Ничего. Никто не говорил, что всё бывает легко и приятно, особенно, если за плечами уже лежит не самый веселый опыт. Я продолжаю работать и таскаться с подносами, но уже с твердым убеждением, что чуть позже, когда ресторан закроется, Вадим позовет меня к себе. Я, не раздумывая ворвусь в его кабинет, сметая всех и вся на своем пути, прыгну к нему на колени, обниму за шею с такой силой, что он станет меня просить о пощаде.

Но время идет, клиенты расходятся, стрелка на часах упорно подбирается к отметке двенадцать, а я начинаю понимать, что обманываю саму себя. Из кабинета вышло пару человек, а все остальные остались, потом еще несколько и, кажется, что кроме охраны и Ирины никого рядом с Вадимом сейчас нет.

Хотелось зайти к нему, но я не решилась – страшно и гордость не позволила.

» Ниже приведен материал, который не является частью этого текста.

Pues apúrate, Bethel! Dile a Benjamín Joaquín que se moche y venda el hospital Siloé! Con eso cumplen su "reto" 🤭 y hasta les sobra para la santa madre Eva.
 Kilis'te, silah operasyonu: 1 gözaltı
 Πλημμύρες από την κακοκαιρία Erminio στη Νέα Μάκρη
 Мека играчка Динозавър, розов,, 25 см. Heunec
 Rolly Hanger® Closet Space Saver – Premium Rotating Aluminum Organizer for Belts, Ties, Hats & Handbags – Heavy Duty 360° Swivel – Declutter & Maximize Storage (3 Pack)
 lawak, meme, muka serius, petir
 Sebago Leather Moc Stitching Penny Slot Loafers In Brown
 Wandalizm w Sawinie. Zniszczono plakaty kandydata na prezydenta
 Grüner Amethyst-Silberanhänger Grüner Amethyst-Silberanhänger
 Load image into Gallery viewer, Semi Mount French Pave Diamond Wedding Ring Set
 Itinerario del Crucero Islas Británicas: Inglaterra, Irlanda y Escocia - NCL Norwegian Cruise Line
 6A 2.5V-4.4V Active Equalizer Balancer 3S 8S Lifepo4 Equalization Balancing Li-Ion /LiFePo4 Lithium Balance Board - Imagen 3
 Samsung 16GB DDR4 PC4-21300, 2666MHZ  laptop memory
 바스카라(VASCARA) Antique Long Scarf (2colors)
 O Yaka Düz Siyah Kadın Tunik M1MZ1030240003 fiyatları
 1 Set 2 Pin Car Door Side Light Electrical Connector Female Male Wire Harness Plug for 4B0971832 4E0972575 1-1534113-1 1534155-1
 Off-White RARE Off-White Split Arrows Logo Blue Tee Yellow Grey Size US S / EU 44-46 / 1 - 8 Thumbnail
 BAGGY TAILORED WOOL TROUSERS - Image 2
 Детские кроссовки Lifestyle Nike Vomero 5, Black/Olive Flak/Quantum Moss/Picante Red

Нахожу сто причин, чтобы задержаться в ресторане подольше, но они быстро изживают себя. Слышу звук торопливых шагов по лестнице. Он, охрана и Ирина. Легкие вдруг не пропускают воздух, будто чего-то ждут. Смотрю на Вадима, он всё еще злой, взвинченный. Проходит мимо, спрятав руки в карманах пальто. Через несколько секунд колонна «Мерседесов» выруливает на дорогу, разбрасывая снег под колесами, и скрываются из виду. Это всё. Через день начинается отсчет третей недели.

Она для меня была переполнена злостью и нервозностью. Воронов снова не появляется, и я снова пытаюсь не рассыпаться на ошметки, правда, как-то сил уж совсем нет. Еще этот проклятый мороз и постоянно идущий снег нагоняют неимоверную тоску. Выходные превращаются для меня в нечто очень тягучее, темное, неприятное. Выкуриваю больше, чем привыкла, а Леся, как обычно, ворчит, мол, сколько еще я свое здоровье буду портить.

- Алис, ну чего ты такая взвинченная? – спрашивает подруга, когда мы вместе идем домой с полными пакетами еды.

- Нормально всё, - отмахиваюсь, не хочу выглядеть совсем уж жалкой и выть в жилетку Леси из-за собственных неоправданных ожиданий. Усиленно стараюсь от них отмахнуться, а они всё лезут и лезут, как проклятые тараканы.

- Ты из-за него такая? Правда?

- Ну да, - прикусываю фильтр сигареты, буквально крошу его во рту.

- Это жизнь, тут ничего не поделаешь: либо принимаешь, либо нет, - Леська поправила на лбу свою смешную цветастую шапку и подобрала пакеты повыше, прижав их к самой груди.

- Звучит уныло, - улыбаюсь, но подруга совсем не разделяет моего горького веселья.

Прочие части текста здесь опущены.